▶ [Required work]
All lines from the one that contains "Christian Dior Rider" to the end of the data must be retyped exactly. Pictures are not retyped.

----- Information shown

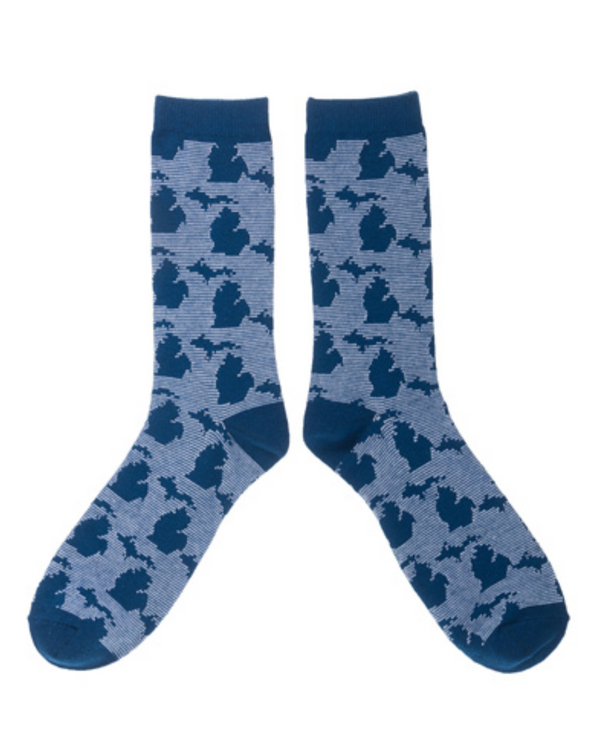 MICHIGAN MAP BLUE SOCKS SMI920-BL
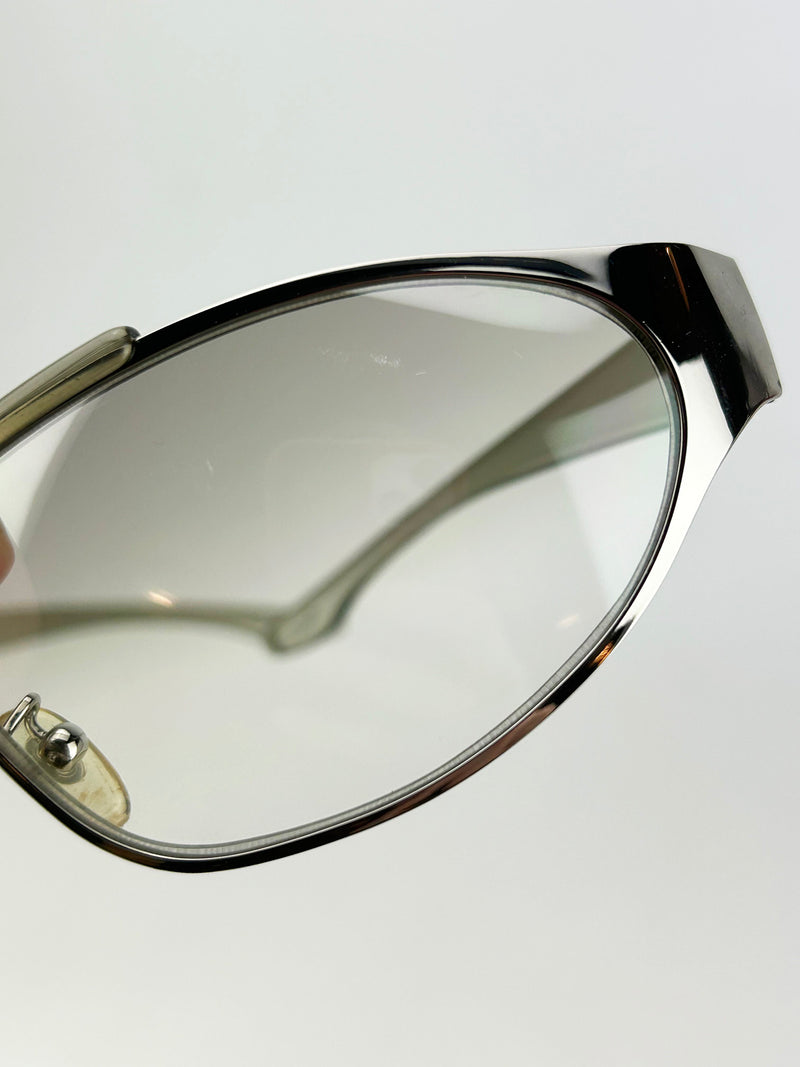 Christian Dior Rider Sunglasses Silver Frame Clear Lens Vintage c2000s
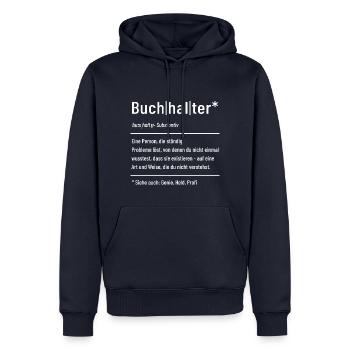 Buchhalter - Definition - Lexikon - Männer Premium Bio Hoodie - Navy - Vorne - Nico (187cm)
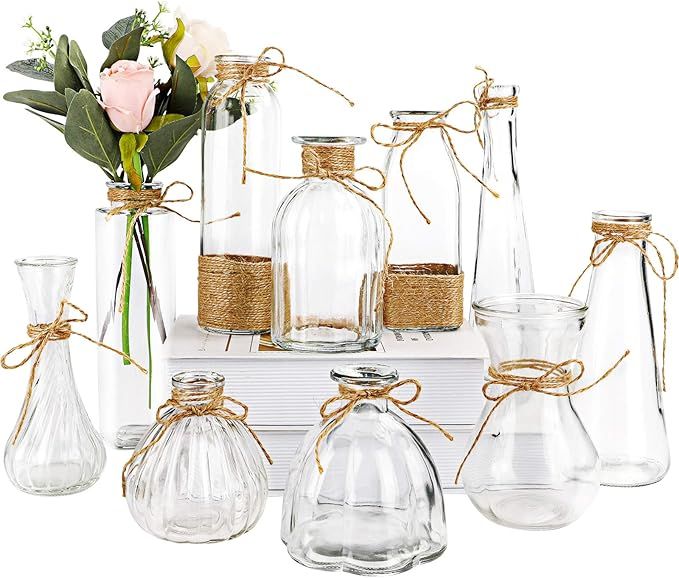 Nilos Glass Vases Set of 10, Clear Vintage Glass Flower Vase with Rope Design and Differing Uniqu... | Amazon (US)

----------

▶ [Solution for this problem]
 Christian Dior Rider Sunglasses Silver Frame Clear Lens Vintage c2000s
 Buchhalter - Definition - Lexikon - Männer Premium Bio Hoodie - Navy - Vorne - Nico (187cm)
 Nilos Glass Vases Set of 10, Clear Vintage Glass Flower Vase with Rope Design and Differing Uniqu... | Amazon (US)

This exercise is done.